### [WORK TASK]
Output, exactly as written, the lines below from the one that has "Athleta Size Small Cardigan" through the one that has "abu garcia® power handle accessory, black"; nothing else, and no pictures.

### [MATERIAL TO PROCESS]
····················

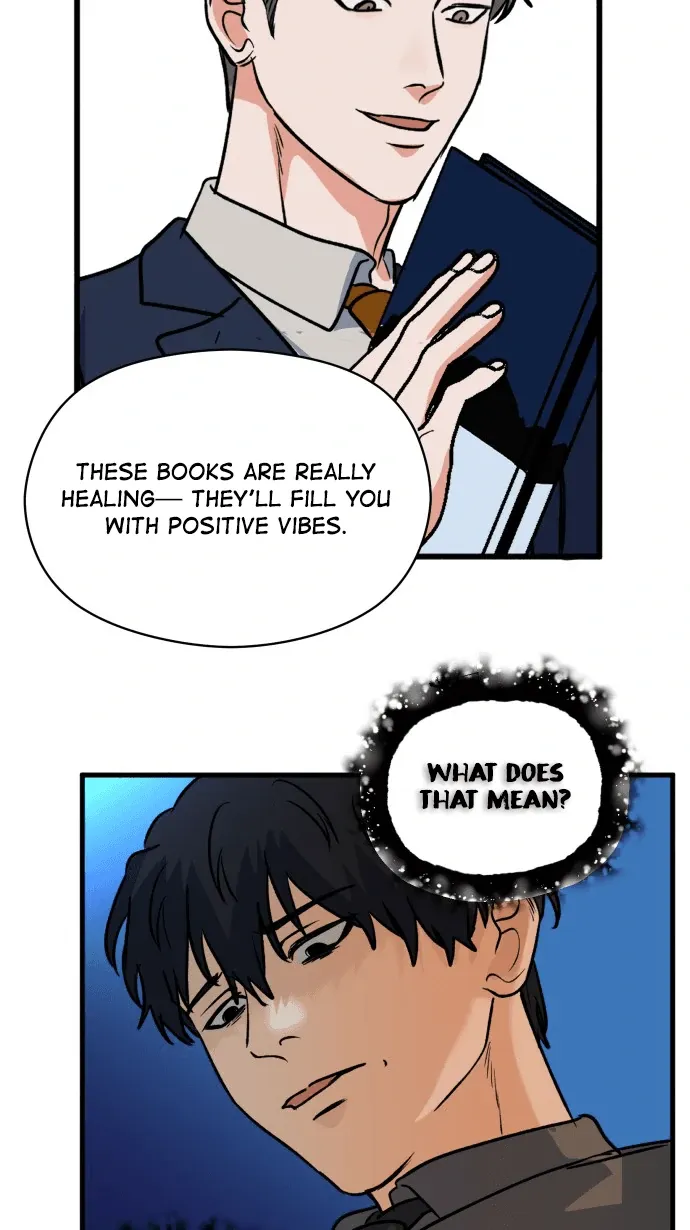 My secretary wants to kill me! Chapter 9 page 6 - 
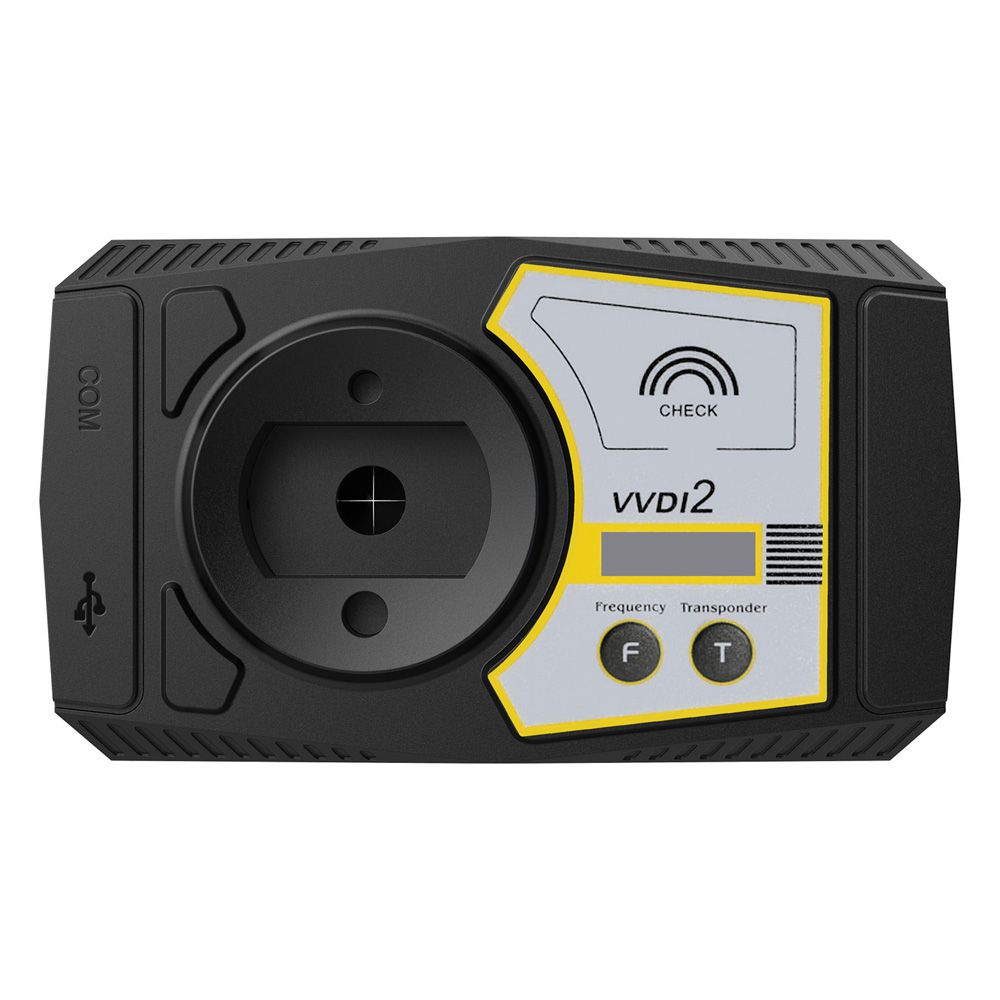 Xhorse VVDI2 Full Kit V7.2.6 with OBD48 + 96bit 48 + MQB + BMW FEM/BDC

····················

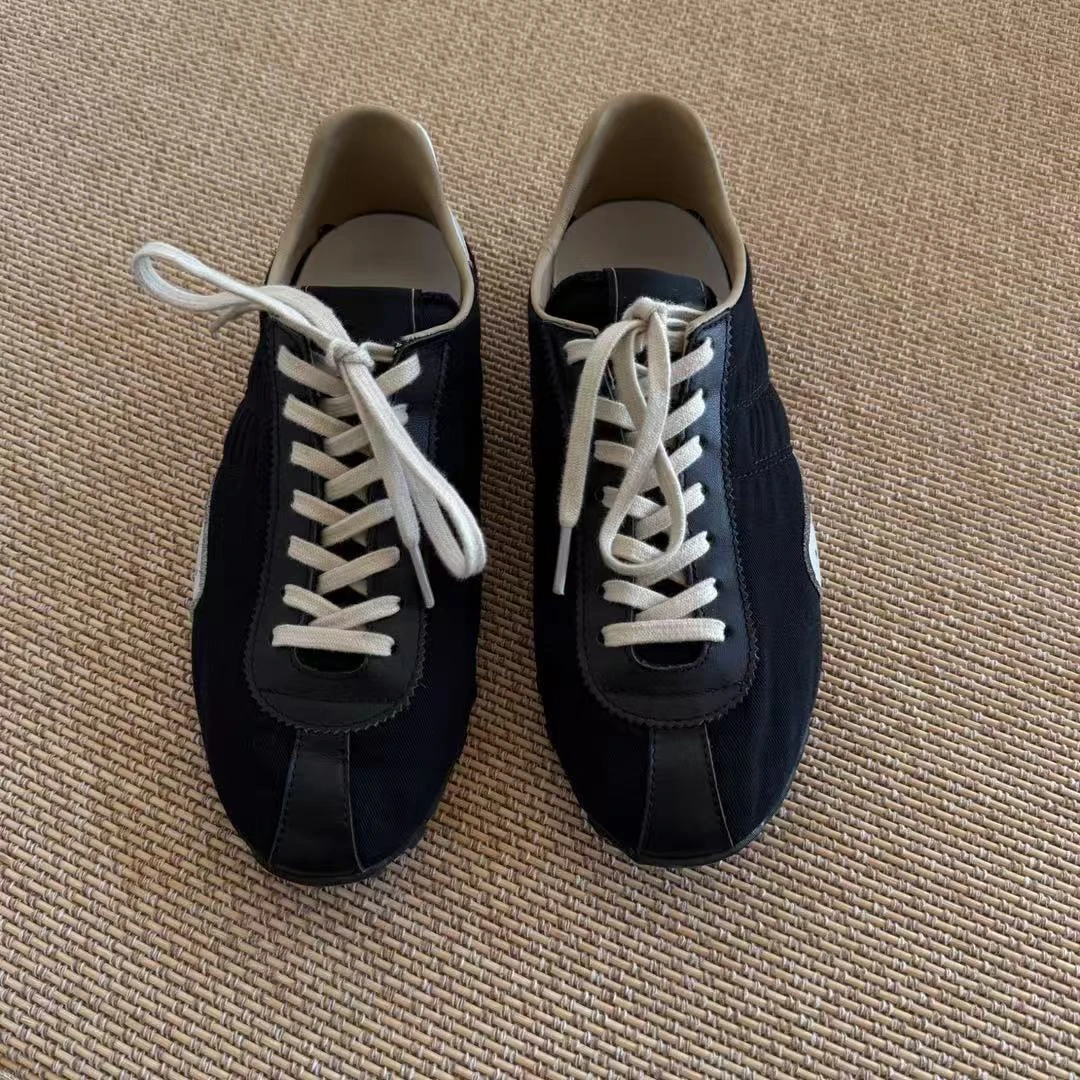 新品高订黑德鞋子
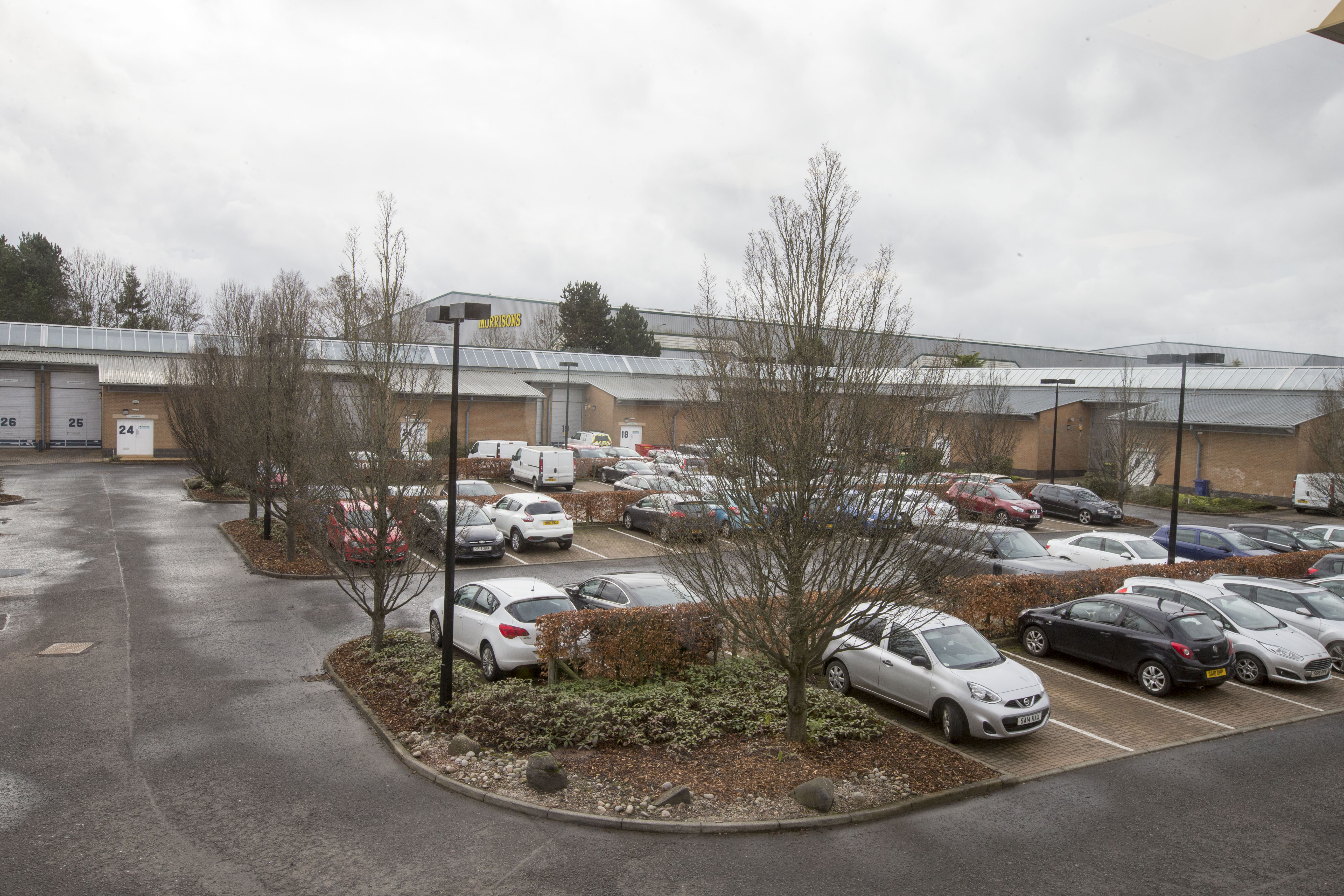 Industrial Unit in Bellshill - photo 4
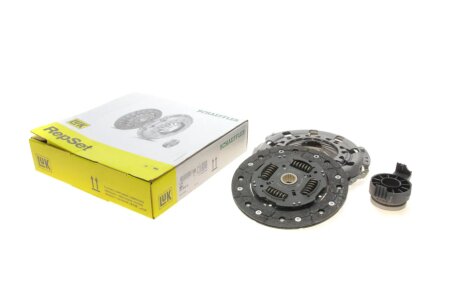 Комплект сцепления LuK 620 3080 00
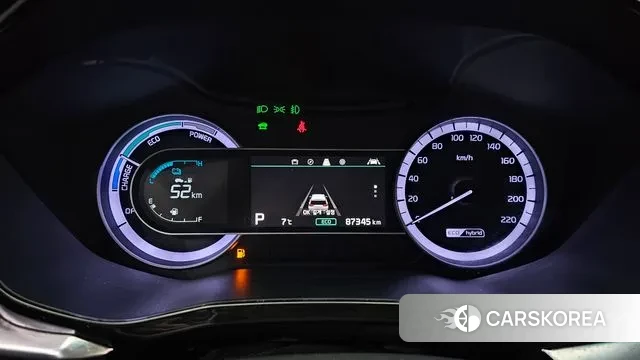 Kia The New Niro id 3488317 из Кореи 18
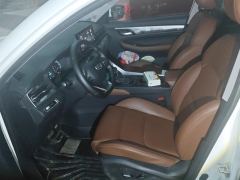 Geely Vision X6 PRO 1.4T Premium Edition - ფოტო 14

····················

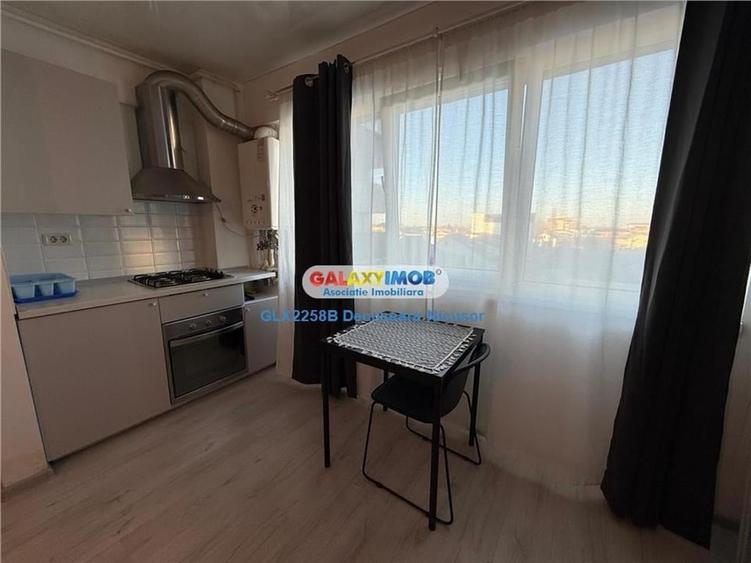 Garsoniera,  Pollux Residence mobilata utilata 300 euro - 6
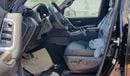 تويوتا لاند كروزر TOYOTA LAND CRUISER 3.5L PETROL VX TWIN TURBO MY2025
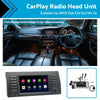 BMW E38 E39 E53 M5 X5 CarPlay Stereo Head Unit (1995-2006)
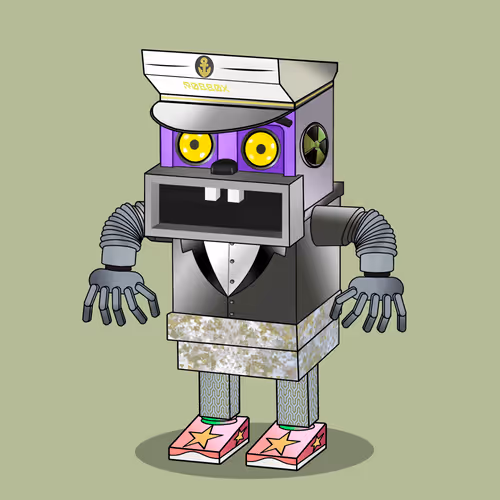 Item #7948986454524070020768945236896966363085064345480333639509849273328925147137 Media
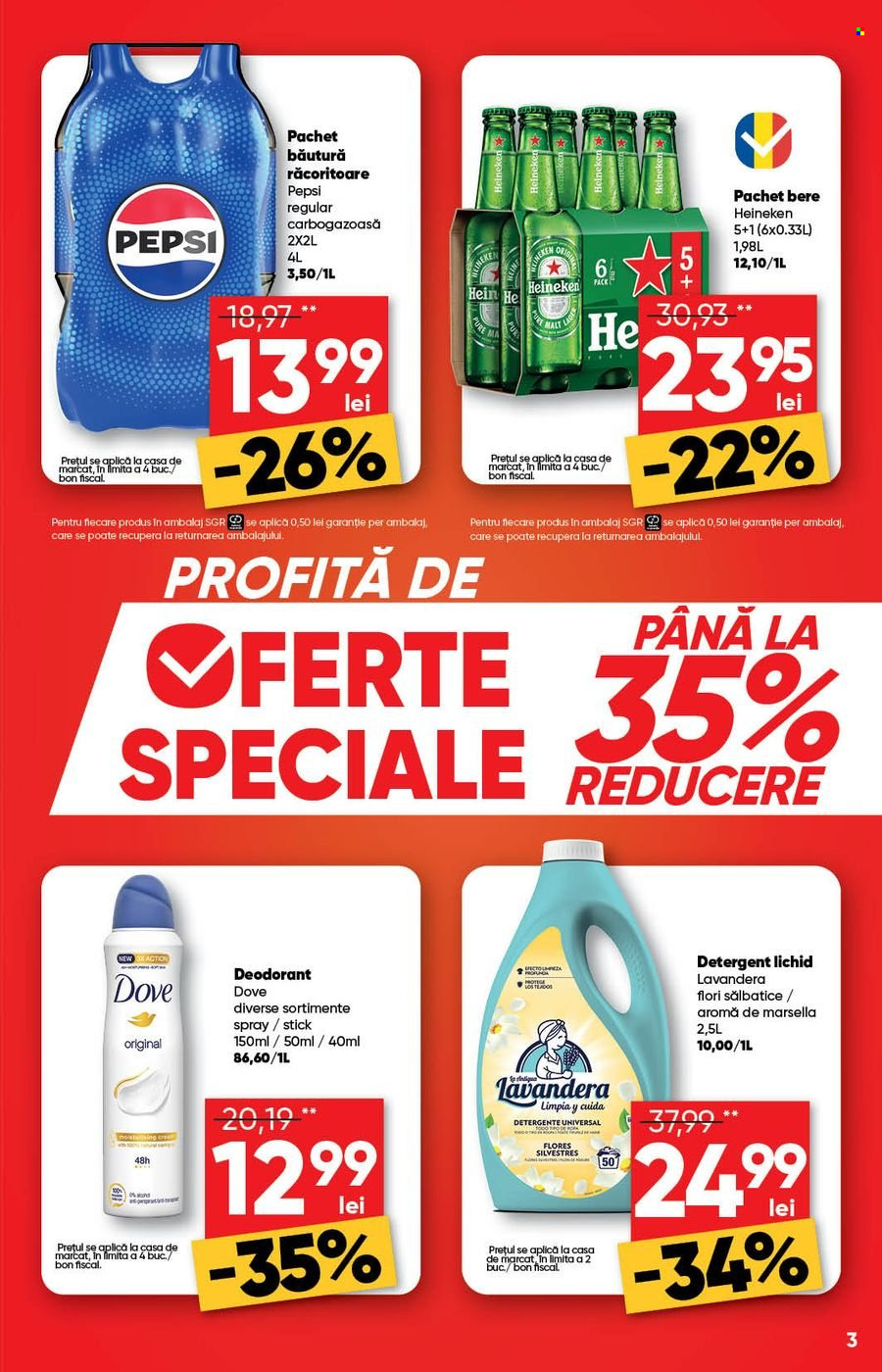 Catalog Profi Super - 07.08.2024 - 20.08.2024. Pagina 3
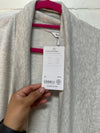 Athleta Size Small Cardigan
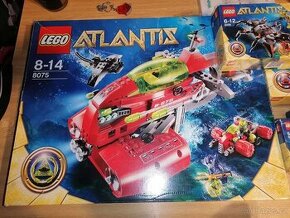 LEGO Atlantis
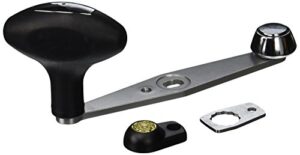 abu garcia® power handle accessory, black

····················

### [YOUR RESPONSE]
 Athleta Size Small Cardigan
 LEGO Atlantis
 abu garcia® power handle accessory, black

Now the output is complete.